The saline expander limitations are the frequent doctor visits. The patients have to come once a week to the office for these injections. They have to have a needle that’s stick through the skin which sometimes can cause some discomfort for the patients.They get a bolus injection, meaning they get at least about sixty cc’s at a given point in time. The reason for that is, you can’t have them come to the office every day for expansion. If you look at anything the most natural way of expansion is little by little, multiple times a day, every day. You see women over nine months undergo gently gradual tissue expansion and that’s nature’s most natural tissue expansion. As plastic surgeons we’re always trying to recreate tissue. When we recreate tissue or expand tissue for bones and jaws for younger kids, they actually undergo daily expansion of the bone. They get a little half turn of a screw twice a day.
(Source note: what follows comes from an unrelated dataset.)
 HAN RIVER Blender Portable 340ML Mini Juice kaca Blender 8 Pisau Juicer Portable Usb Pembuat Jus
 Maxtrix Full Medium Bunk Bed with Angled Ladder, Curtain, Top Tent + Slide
We haven’t been able to simulate something like that with saline breast reconstruction. That’s what’s wonderful about the Aeroform technology. It will allow us to more gradually expand the patient and I think that the satisfaction and comfort for patients are going to be higher.
You are gradually expanding but in essence, you’re able to get the reconstruction going much faster, correct?
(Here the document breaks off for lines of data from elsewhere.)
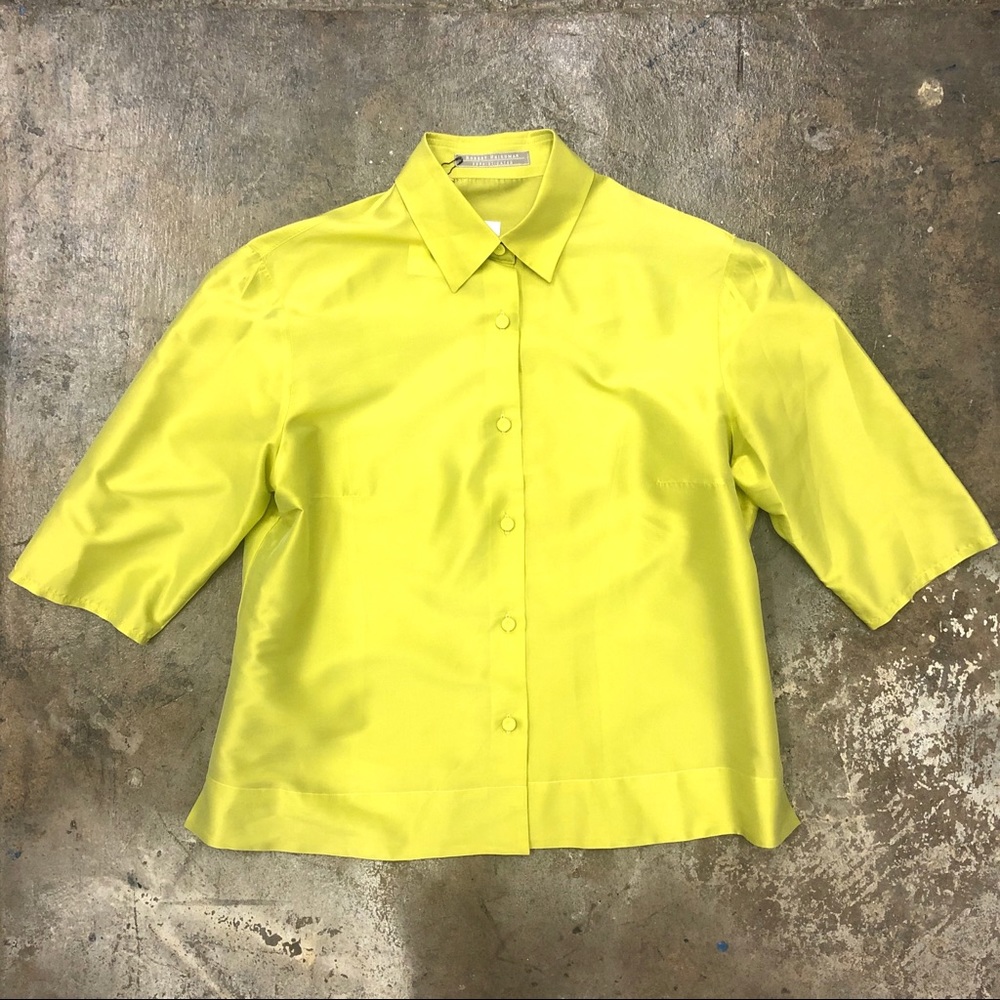 Robert Friedman Silk Top Blouse Button Down Green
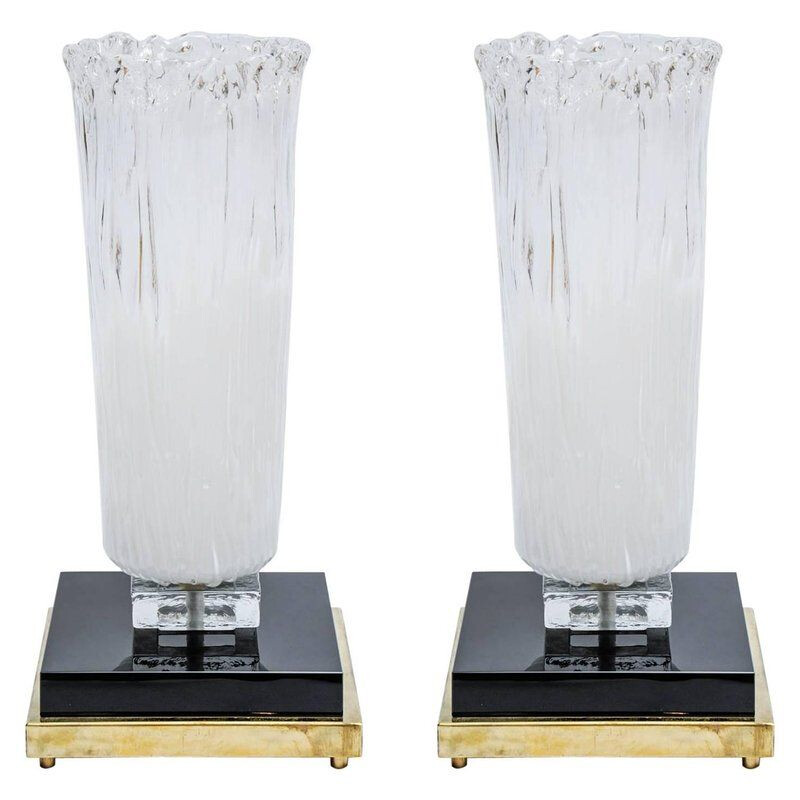 Set of 2 vintage table lamps in Murano glass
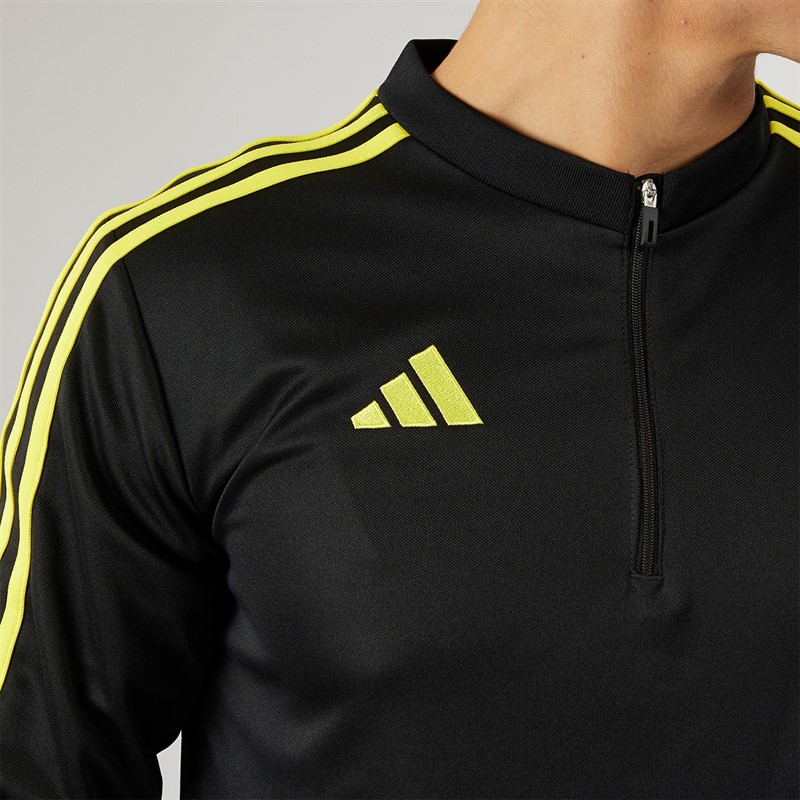 adidas Herren Tiro 23 Club 1/4 Zip Trainings Oberteil Schwarz/Hellgelb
Dr. Desai: The advantages of the aeroform expander are less pain because you’re gradually expanding multiple times every day. In addition, the overall expansion takes less time. If you look at our growing data and research that’s out there traditionally, saline tissue expansion is on the average of about three to four months and Aeroform expansion is really within weeks to a month. The patients are completed with their expansion in a month and that’s primarily because they can do it every day, it’s more comfortable and they’re getting a more gradual expansion. Gradual expansion also means a better aesthetic result in my opinion because we’re not putting a lot of pressure on the skin so the skin and the muscle thins out less and you get a better coverage of your permanent implant.
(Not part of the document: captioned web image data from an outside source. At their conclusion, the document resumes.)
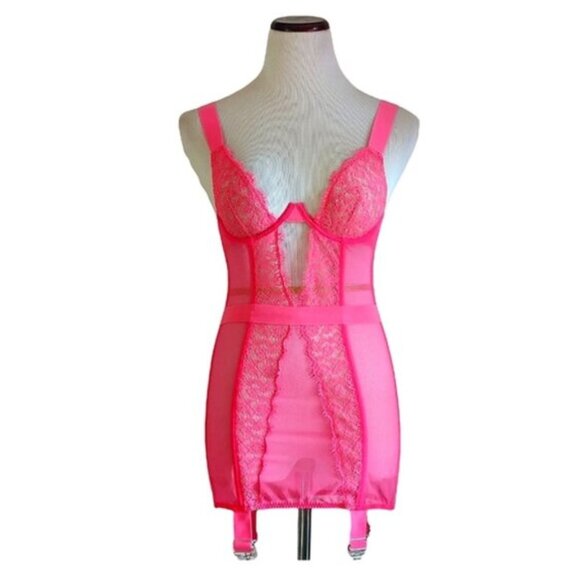 Victoria's Secret Garter Slip Women's Size 34B Neon Pink Lace Boned Corset Teddy - Picture 15 of 15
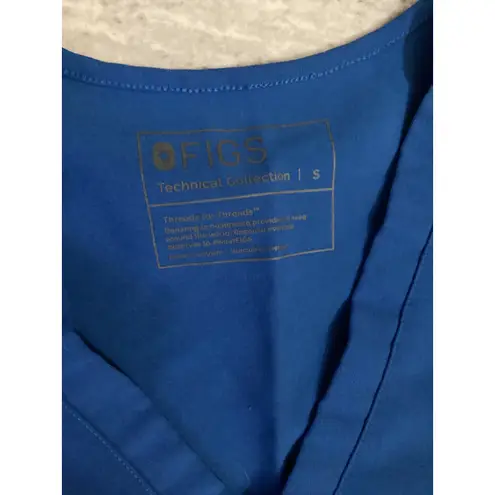 FIGS  Royal Blue Technical Collection Scrub Top Women's Sz S V-Neck Short Sleeve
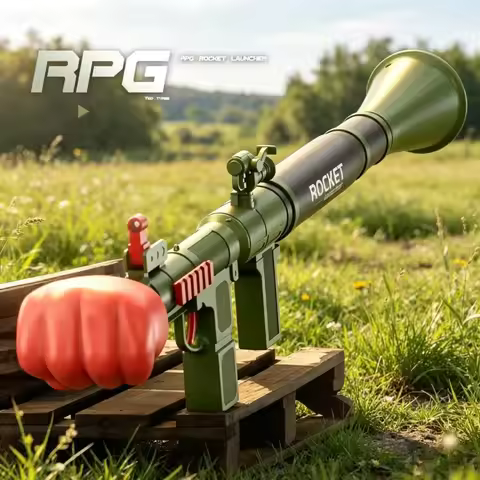 RPG Iron Fist Rocket Launcher Simulation Long Distance Shooting Can Fire Soft Bullets Guns Toys Birt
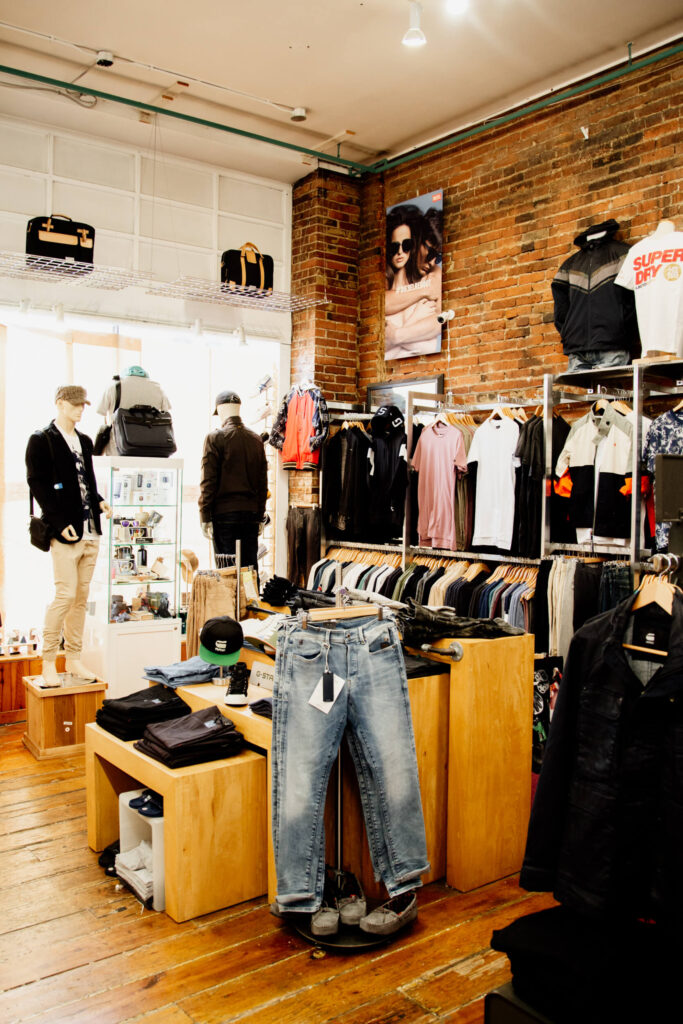 Clothing on display in a shop in Victoria, BC.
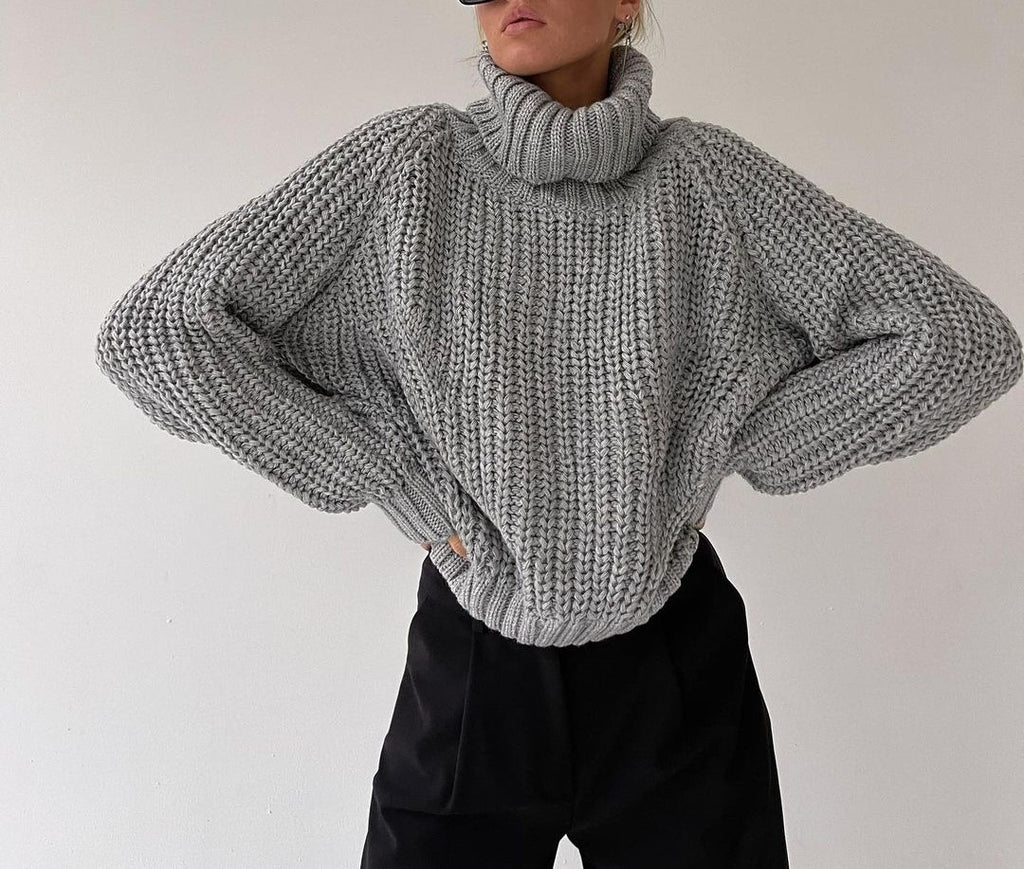 Chunky Turtleneck Balloon Sleeve Knit Sweater - Grey - 1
How does this compare to something like Bravo?
Dr. Desai: Bravo is external tissue expansion and it uses suction to actually expand the skin and the soft tissue envelope from the outside. It is temporary, it doesn’t create an internal pocket for a permanent implant. If you use the Bravo for external tissue expansion and then stopped using the Bravo then your breast, if you had a mastectomy, go completely flat again. If you did it and you went to go put an implant in there’s really not a space to put an implant like there is with a traditional saline tissue expander or the air expander. Typically the Bravo technology is used for external tissue expansion and then to inject fat in to that area.
What’s been the response so far in the trial?
Dr. Desai: I think patients are really excited about it. They don’t have to have a needle stick; they don’t have to come in to the doctor’s office as frequently. When I tell them about it they immediately jump on board. Patients not only are excited about it but they find that it’s more convenient. They can do it at home.
END OF INTERVIEW
This information is intended for additional research purposes only. It is not to be used as a prescription or advice from Ivanhoe Broadcast News, Inc. or any medical professional interviewed. Ivanhoe Broadcast News, Inc. assumes no responsibility for the depth or accuracy of physician statements. Procedures or medicines apply to different people and medical factors; always consult your physician on medical matters.